# Predictive Regression Analysis – Statistics in Adobe Analytics

Adobe Analytics is awesome for analyzing historical data. Besides Segments, Drilldowns or Derived Metrics, it also offers some advanced statistical functions like Regression Analysis. Here are some examples for the different regression models that are available today:

It would be really cool if we could use this functionality to predict the future with some regressive models! This is what this article is going to describe by using advanced calculated metrics. In the end, we want to have a graph like this, with the historical and future data in the same visualization:

We will go through the whole process of generating a metric like shown above. If you just want the result, you can scroll down to the bottom of this article, where I show the complete metric. Let’s start!

## Statistics 101: Simple Linear Regression in Adobe Analytics

To start things off, let’s remind ourselves what regression analysis does. To keep things simple, we will focus on linear regression for now. We won’t go into full detail on a statistical level, but focus on the business application instead. This is the formula for it:

Simple linear regression formula, where Y is the predicted value, X represents the time for our application, a is the slope and b the intercept.

Y =aX + b

Speaking in business terms, we want to have a function that approximates our real values as closely as possible over time. So if we build a simple regression metric in Adobe Analytics, we would use the variables like this:

With that information, we can start building our calculated metric. The first component is our X variable which represents the time. All we need is a simple counter that counts up for every row in a table. We can use the “Cumulative” function in the calculated metric builder like this, with a constant “1” as metric:

With this metric, we can generate a table like this, where for every row our metric counts up by one:

Now if we want to only look at historical data, we can already build another metric to give us the predicted Y value from a linear regression. In the metric builder, we would just drag the Incrementor as the X variable and Unique Visitors (or any other metric) as the Y variable in the “Linear Regression: Predicted Y” function like this:

When we compare this to the actual values, we can see that the regression is working nicely and approximates our real values quite well:

But there is one problem with a variable like this: As soon as we look at a date in the future, those days also get included in the calculation and pull down our graph significantly:

This also happens when you include the current day, since data is not fully collected for today. Luckily, there is something we can do about that!

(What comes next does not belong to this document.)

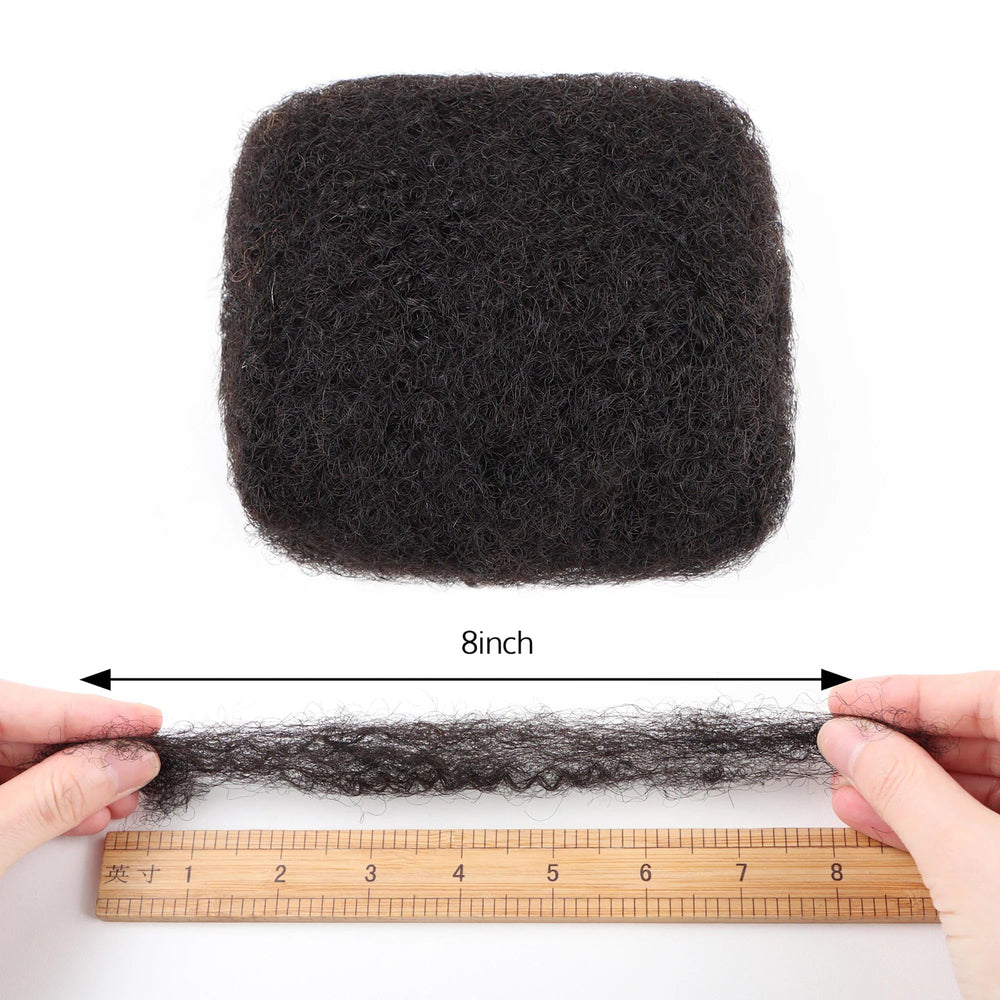 Loceast afro kinky texture close-up demonstrating realistic hair strand definition and blendability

## Dealing with missing values for Regressions in Adobe Analytics

First, we are going to exclude the current day from our data with a simple segment like this:

With this segment, we now create a new Incrementor variable. This time, we exclude the current day and check if the current line in our table contains any data at all. If yes, we return the actual value from the Incrementor. But there is one more condition, since we only want to increment the Incrementor if the current day has a value. The “Incrementor with Data” metric looks like this now:

When we look at a date range with fragmented data we can see it is working nicely. Only when we actually have data the Incrementor is incremented and displayed as not-zero:

If we replace the Incrementor in our Regression metric, we have a quite complex setup now:

In our Graph, we can now see our new Metric is not affected by the missing data in the future, so it is working nicely (look for the range when there still is data):

Now that we are able to base our regression solely on existing data, we can start thinking about how we want to calculate the future values with our final metric!

## Predictive Analytics using Linear Regression in Adobe Analytics

Let’s remind ourselves what we are trying to achieve. We want to get the predicted future value of a metric based on past values. Like above, we want the regression to be calculated only on complete, past data.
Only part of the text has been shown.